Kat Sandler's known for brash, fast-paced, dark-edged urban comedies produced by her company, Theatre Brouhaha, among them Help Yourself and Delicacy.
Her latest, Rock, presented by the Paper Scissors Collective, is full of fine comic performances and an intriguing plot. Ben (Andy Trithardt), an easy-going actor living with his girlfriend, Tasha (Jennifer Balen) and long-time friend and house guest, Mikey (Tim Walker), has found a strange calling: voices in his head tell him to bash certain people to death with rocks.
Though they initially fight Ben's impulse, Tasha and Mikey eventually go along with the vigilante work; all those killed seem to be of questionable morals and guilty of some sort of crime. What the two don't know is that Ben's first victim, Jefferson (Roger Bainbridge), is hanging around their house in ghostly form.
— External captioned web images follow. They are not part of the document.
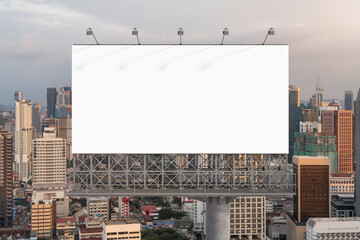 Obraz premium Blank white road billboard with Kuala Lumpur cityscape background at sunset. Street advertising poster, mock up, 3D rendering. Front view.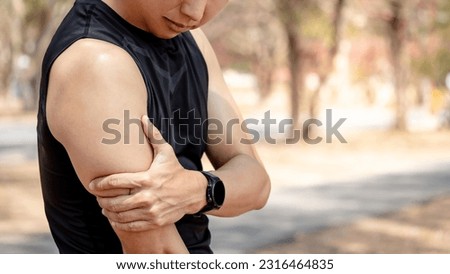 Bicep tendonitis or front arm muscle inflammation. Asian athlete man suffering from upper arm pain while doing outdoor exercise in the park. Sport injury concept
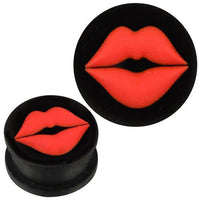 Load image into Gallery viewer, The Silikon Plug weich schwarz zeigt vorn ein auffälliges rotes Lippen Kussmund Design. Das Bild präsentiert den Piercing Ohrschmuck sowohl frontal als auch schräg – beide Ansichten des gleichen schwarzen Plugs.

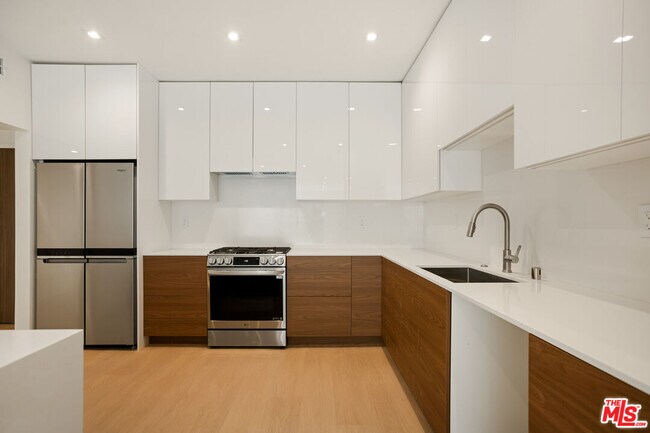 Building Photo - 10630 Wilkins Ave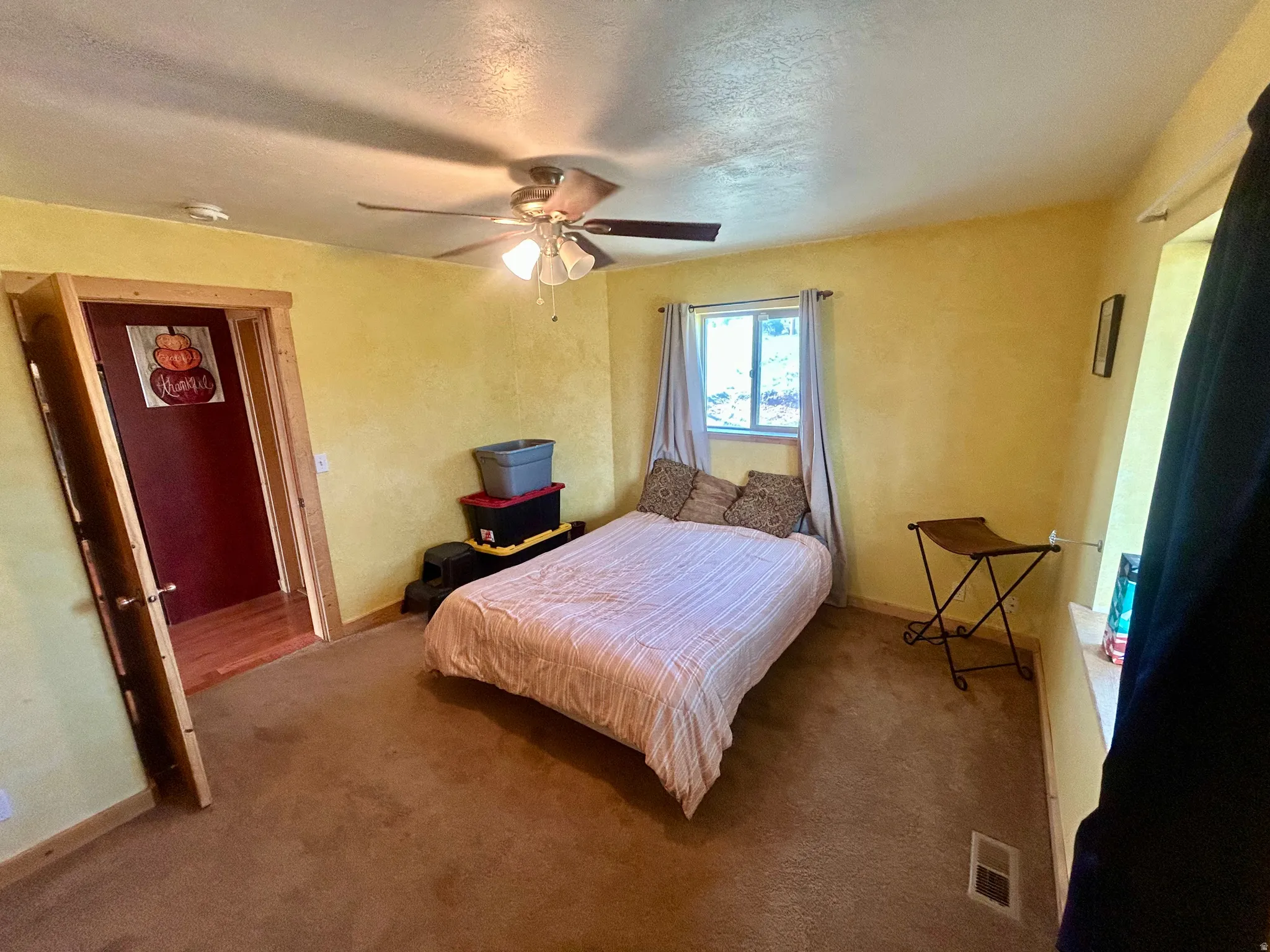 Carpeted room featuring a ceiling fan with integrated lighting, a window with a wood sill, and a contrasting wood-trimmed doorway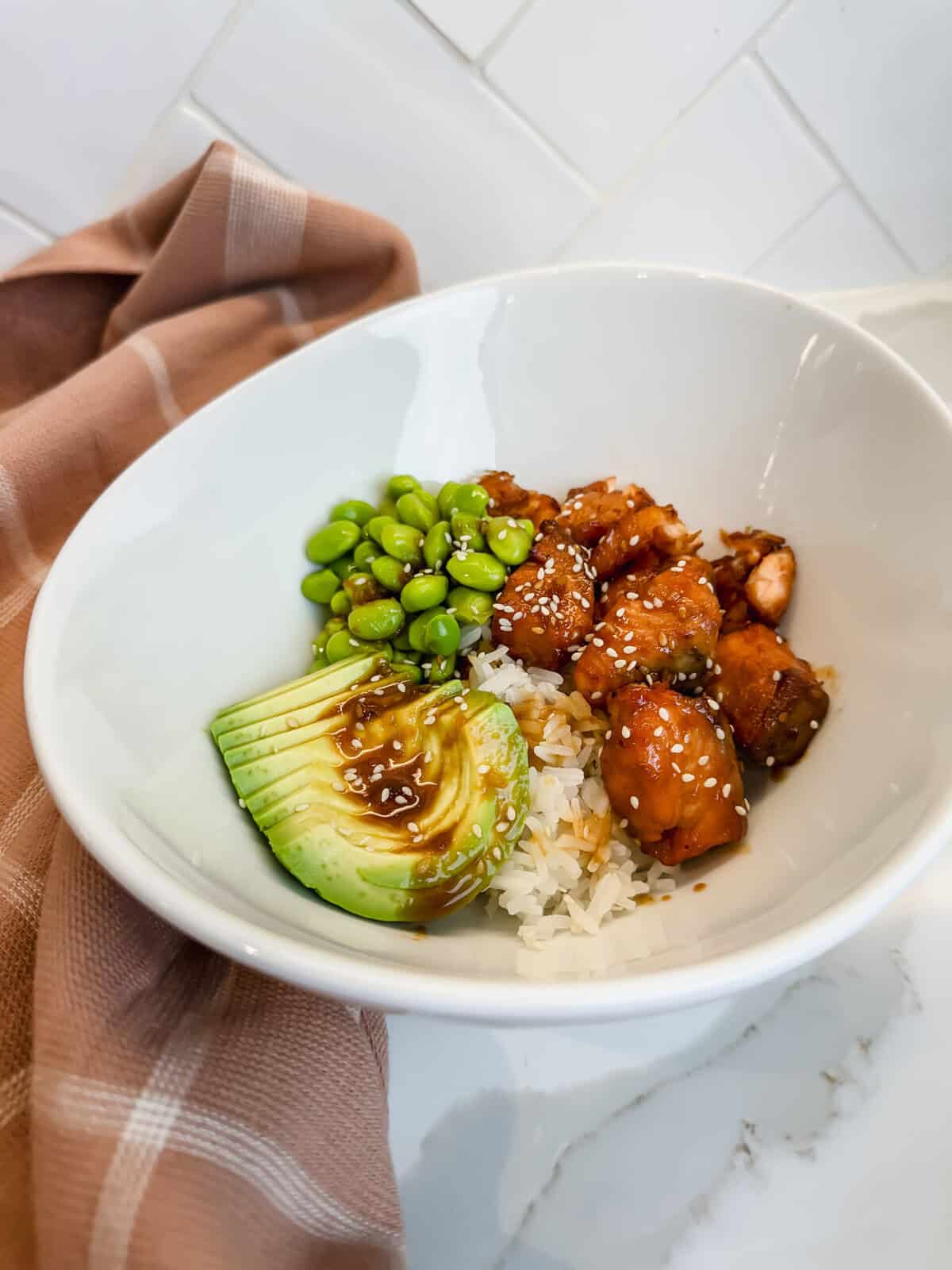 This is a side view of my Trader Joe's Salmon Bite Bowls featuring white rice, edamame, sliced avocado and delicious soyaki salmon bites.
Only Ben sees and hears him.
Sandler, who also directs, works clever humour into the story, not just in the relationships but also with some deft throwaway lines. Early in the play, one character mentions that Post-Its are by nature annoyingly passive-aggressive, in part because "they can't even commit to being a full piece of paper."
The actors often strike theatrical sparks, especially in the scenes between the needy Mikey and Ben and, later, Ben and Jefferson, who often appears in the chicken costume that brought him commercial fame.
The early episode where Ben drags Jefferson's body into the house and argues with Mikey about what to do with it is comic gold, in part because of the fine work by Trithardt and Walker, two of Toronto's best actors. The action becomes even more frantic and funny when Bainbridge's Jefferson becomes an unwanted and very vocal part of their plans.
Crazy, but it works. Especially when the housemates start sentimentalizing the rocks Ben uses to exterminate people, or when Jefferson and Ben develop a bromance - including shared clothes - that Ben has to keep hidden from the others.
There's good work, too, by Claire Armstrong, who enters late in the action as a potential partner for Mikey; her comic skills are apparent even in her few scenes.
The script, though, could use some editing, especially in the second act. Scenes go on longer than necessary, sometimes feeling milked for humour rather than focused on plot or character, and the ending needs tightening.
Still, there's lots to enjoy in Rock. The production at the StoreFront Theatre isn't a hard place to spend a couple of hours.
It's time for the New Groundswell Festival, Nightwood's annual celebration of contemporary women's theatre.
Beginning Friday (March 15), the fest's 10 days of productions, readings and workshops opens with a new work by Judith Thompson, Who Killed Snow White? Directed by Kelly Thornton, the show focuses on three generations of women who collide over their views of good, evil and the meaning of happily ever after.
It's followed by Adam's Rib (La Mémoire Du Corps/Body Memory), a devised, multidisciplinary piece by Montreal's Odelah Creations, headed by Arianna Bardesono and Christine Khalifah. The show looks at a modern Eve trying to understand herself in a world that wants to define her.
The final staged offering is Jennifer Overton's God's Middle Name, presented by Halifax's In Good Company, directed by Scott Burke. Its central figure is a mother raising an autistic child.
Also look for readings of new works by Suvendrini Lena, Susanna Fournier, Mary Vingoe (one of Nightwood's founders), Carmen Aguirre (co-presented with Alameda Theatre) and, as part of the Write From The Hip series spotlighting young artists, Leah-Simone Bowen and Clara Pasieka.
Other programming includes conversations with Vingoe and Aguirre and a solo show master class with Aguirre.
Included during the run of this year's Groundswell is FemCab, Nightwood's celebration of International Women's Day, now in its 30th year.
Shoshana Sperling hosts the March 20 event, featuring performances by filmmaker Min Sook Lee, DJ Cozmic Cat, writer/performer Diane Flacks, comedian Martha Chaves and others.
Two Canadian theatre artists, Peter Pasyk and Krista Jackson, have been tapped for important prizes.
Pasyk receives this year's Tarragon Urjo Kareda Residency Grant, which allows an emerging professional artist who's shown previous talent in the field to spend 20 weeks at the Tarragon developing her or his craft.
Pasyk, artistic director of surface/underground theatre, a dramaturgical collaborator with playwrights and a performer in his own right - he's currently part of the Laws Of Motion ensemble - will focus on the director's role in new play development and the relationship between direction and design.
Jackson, an actor who's turned to directing, is the recipient of the second Gina Wilkinson Prize; Wilkinson herself made the same move during her career. Artistic director of Winnipeg's zone41 theatre, Jackson spent last summer as part of the Neil Munro Intern Directors Project at the Shaw Festival.